When Dibdin wrote about “the far-famed Roxburghe Fight” in 1817, memories of the sale of the Roxburghe collection were fresh and passions were still hot. The collector John Ker, the duke of Roxburghe, was, like his good friend King George III, an ardent bibliophile, and among his treasures were rarities printed by Caxton, Pynson, Wynkyn de Worde, and Julian Notary. There were superb editions of French romances, and a strong collection of Elizabethan and Jacobean dramatic works. Of special interest was a 1471 copy of Boccaccio’s Decameron, printed in Venice by Christopher Valdarfer. The dispersal of Roxburghe’s books began eight years after his death, on May 18, 1812. When it closed triumphantly on July 4, 1814, £23,397, ten shillings, and six pence had been spent on 9,353 lots.

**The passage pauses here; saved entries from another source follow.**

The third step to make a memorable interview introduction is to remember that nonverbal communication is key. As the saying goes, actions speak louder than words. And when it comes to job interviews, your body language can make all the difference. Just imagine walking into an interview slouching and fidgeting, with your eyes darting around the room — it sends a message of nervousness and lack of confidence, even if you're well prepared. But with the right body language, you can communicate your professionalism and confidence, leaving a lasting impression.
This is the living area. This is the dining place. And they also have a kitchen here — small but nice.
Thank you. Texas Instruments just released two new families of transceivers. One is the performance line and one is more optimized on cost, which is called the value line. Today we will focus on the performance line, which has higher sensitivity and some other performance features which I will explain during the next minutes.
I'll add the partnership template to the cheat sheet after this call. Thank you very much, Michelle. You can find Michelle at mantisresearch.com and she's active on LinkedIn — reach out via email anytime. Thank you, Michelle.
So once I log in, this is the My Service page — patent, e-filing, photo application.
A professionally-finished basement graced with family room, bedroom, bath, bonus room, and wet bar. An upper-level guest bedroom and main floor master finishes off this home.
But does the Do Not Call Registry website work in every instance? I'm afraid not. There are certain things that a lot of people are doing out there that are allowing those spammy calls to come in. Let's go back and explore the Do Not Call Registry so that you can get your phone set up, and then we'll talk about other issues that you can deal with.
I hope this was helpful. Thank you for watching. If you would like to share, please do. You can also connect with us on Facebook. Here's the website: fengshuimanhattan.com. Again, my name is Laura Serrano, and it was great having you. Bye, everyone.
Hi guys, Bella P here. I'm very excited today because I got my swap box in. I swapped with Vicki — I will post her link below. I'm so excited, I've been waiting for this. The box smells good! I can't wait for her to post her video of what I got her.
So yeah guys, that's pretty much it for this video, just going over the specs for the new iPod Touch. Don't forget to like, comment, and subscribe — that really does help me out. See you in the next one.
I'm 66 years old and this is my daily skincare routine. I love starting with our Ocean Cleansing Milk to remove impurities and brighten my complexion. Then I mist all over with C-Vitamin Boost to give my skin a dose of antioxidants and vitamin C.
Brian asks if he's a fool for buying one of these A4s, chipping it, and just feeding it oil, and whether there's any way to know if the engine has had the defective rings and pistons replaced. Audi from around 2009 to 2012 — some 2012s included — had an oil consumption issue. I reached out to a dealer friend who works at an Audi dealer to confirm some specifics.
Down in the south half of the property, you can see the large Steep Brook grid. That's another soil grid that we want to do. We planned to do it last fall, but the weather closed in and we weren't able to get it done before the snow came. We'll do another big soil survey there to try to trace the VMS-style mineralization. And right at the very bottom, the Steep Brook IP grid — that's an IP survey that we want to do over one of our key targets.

Dibdin wrote that anticipation for the sale was great, and added with an impertinence that was typical of him that the publication of a certain earlier work—his own Bibliomania—had “probably stirred up the mettle and hardened the sinews of the contending Book-Knights.” The duke’s house in St. James’s Square was so crowded that nothing but “standing upon a contiguous bench” saved Dibdin “from suffocation.” But he would not have missed the action for anything.
For two and forty successive days—with the exception only of Sundays—was the voice and the hammer of Mr. Evans heard, with equal efficacy, in the dining-room of the late Duke—which had been appropriated to the vendition of the books: and within that same space (some thirty-five feet by twenty) were such deeds of valour performed, and such feats of book-heroism achieved, as had never been previously beheld: and of “the like” will probably never be seen again. The shouts of the victors, and the groans of the vanquished stunned and appalled you as you entered. The throng and the press, both of idle spectators and determined bidders, was unprecedented.
Dibdin implied that the emperor
Napoleon was represented at the sale by an unidentified agent. France and England were at diplomatic variance at the time, but this didn’t faze the French emperor: the Valdarfer Boccaccio was thought to be a unique book, and Napoleon was an ardent bibliophile. Nevertheless, the battle over the Boccaccio that developed was waged by three Englishmen: George Spencer, the marquis of Blandford; William Cavendish, the duke of Devonshire; and Dibdin’s patron, George John, the second earl of Spencer (Viscount Althorp). As the climactic moment drew near, Mr. Evans, the auctioneer, called for silence. Dibdin described the action that followed:
On his right hand, leaning against the wall, stood Earl Spencer; a little lower down, and standing at right angles with his Lordship, appeared the Marquis of Blandford. The Duke, I believe, was not then present; but my Lord Althorp stood a little backward to the right of his father, Earl Spencer. Such was “the ground taken up” by the adverse hosts. The honor of firing the first shot was due to a gentleman of Shropshire, unused to this species of warfare, and who seemed to recoil from the reverberation of the report himself had made!—“One hundred guineas,” he exclaimed. Again a pause ensued; but anon the biddings rose rapidly to 500 guineas. Hitherto, however, it was evident the firing was but masked and desultory. At length all random shots ceased; and the champions before named stood gallantly up to each other resolving not to flinch from a trial of their respective strengths.